X
Home & Office

Chorus has over 50% of NZ broadband on fibre

Peak data usage on its network now above 2Tbps, a 77% increase on June 2017 numbers.
Written by Chris Duckett, Contributor
chorus-nz-connections.png
(Image: Chorus)

New Zealand telco wholesaler Chorus has disclosed that of its almost 1.2 million broadband connections, 600,000 use fibre GPON connections.

The remaining half of the Shaky Isles is split between 270,000 VDSL connections and 327,000 ADSL connections.

Chorus said in an update to the ASX that as of June 30, it had 58,000 customers on 1Gbps connections, which it wholesales for NZ$60 per month.

A recent New Zealand Commerce Commission report found 1Gbps Fibre Max speeds in the country delivered 550Mbps in off-peak times, and 525Mbps in peak times.

For these plans, the numbers translate to 62% off-peak and 58% peak advertised speeds.  

"A major contributor to the relative underperformance of the Fibre Max services during peak hours is the interconnection issue," the report said.

"Excluding the results of the one RSP with the interconnection issue, would only see Fibre Max reach 72.3% peak hours." 

Broken out by market share for fibre users on Wednesday, Chorus said 1Gbps plans had 10% of the market, while 71% sat on NZ$46 wholesale 100Mbps plans. The company also had around 10% on NZ$42.50 per month 50Mbps plans, and a sliver of its users were on 200Mbps plans that wholesale for NZ$55 per month.

The company added its peak data usage on its network had now exceeded over 2Tbps, an increase of 77% on the levels posted two years ago, and is currently undertaking 10GPON trials with retailers which could see speeds top out at 10Gbps.

In February, Chorus said the trial would be across residential and small and medium-sized businesses with fibre connections in Auckland and Wellington, and make use of Nokia's XGS-PON fibre technology.

Overall, New Zealand Ultra-Fast Broadband network is now 80% complete, with average uptake sitting at 53% of premises.

The UFB is planned to provide fibre-to-the-premise to 87% of the nation by 2022, representing 1.8 million premises.

Across the ditch, Australia's National Broadband Network is aiming to connect 12 million premises by 2022, of which only a tad over 2 million are set to be fibre-to-the-premise.

Almost half of the remaining 10 million will be connected with either fibre-to-the-node or fibre-to-the-basement, 2.5 million will be on hybrid fibre-coaxial (HFC), 1.4 million should have fibre-to-the-curb, 600,000 will be on fixed wireless, and 400,000 will use NBN's satellites for connectivity.

On Wednesday morning, NBN announced it had conducted a DOCSIS 3.1 test on a customer's HFC line at Templestowe, Victoria that clocked in at 994Mbps.

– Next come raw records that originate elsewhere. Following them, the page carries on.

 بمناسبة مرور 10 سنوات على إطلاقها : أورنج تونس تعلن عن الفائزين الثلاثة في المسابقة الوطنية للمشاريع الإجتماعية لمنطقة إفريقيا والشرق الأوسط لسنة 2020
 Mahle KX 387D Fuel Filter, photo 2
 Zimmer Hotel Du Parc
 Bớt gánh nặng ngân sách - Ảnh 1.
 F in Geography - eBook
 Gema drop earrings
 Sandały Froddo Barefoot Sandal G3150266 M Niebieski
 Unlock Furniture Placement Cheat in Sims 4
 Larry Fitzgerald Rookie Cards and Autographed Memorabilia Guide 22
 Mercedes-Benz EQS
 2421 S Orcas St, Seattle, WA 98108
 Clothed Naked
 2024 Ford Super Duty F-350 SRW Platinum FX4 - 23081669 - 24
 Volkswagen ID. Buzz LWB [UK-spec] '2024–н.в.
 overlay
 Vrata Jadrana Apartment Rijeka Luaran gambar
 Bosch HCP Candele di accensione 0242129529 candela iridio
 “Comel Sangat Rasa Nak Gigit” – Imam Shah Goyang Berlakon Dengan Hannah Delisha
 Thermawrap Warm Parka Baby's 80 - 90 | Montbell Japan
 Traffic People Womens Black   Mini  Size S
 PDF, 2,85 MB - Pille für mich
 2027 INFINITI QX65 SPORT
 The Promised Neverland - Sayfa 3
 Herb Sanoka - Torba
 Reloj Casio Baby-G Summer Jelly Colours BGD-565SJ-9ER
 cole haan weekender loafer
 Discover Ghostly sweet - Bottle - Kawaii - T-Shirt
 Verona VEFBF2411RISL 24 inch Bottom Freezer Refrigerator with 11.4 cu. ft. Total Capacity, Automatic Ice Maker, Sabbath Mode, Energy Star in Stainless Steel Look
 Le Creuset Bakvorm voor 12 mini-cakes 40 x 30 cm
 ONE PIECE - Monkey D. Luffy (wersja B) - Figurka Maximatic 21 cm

"This is an important day for NBN. It shows how a specific technology -- HFC -- is evolving to meet customer demand for greater capacity from their broadband connection over time," NBN chief technology officer Ray Owen said.

"As we work to complete our network rollout, we're constantly looking at what's over the horizon for all of our technology assets and how we can evolve our network as demand grows."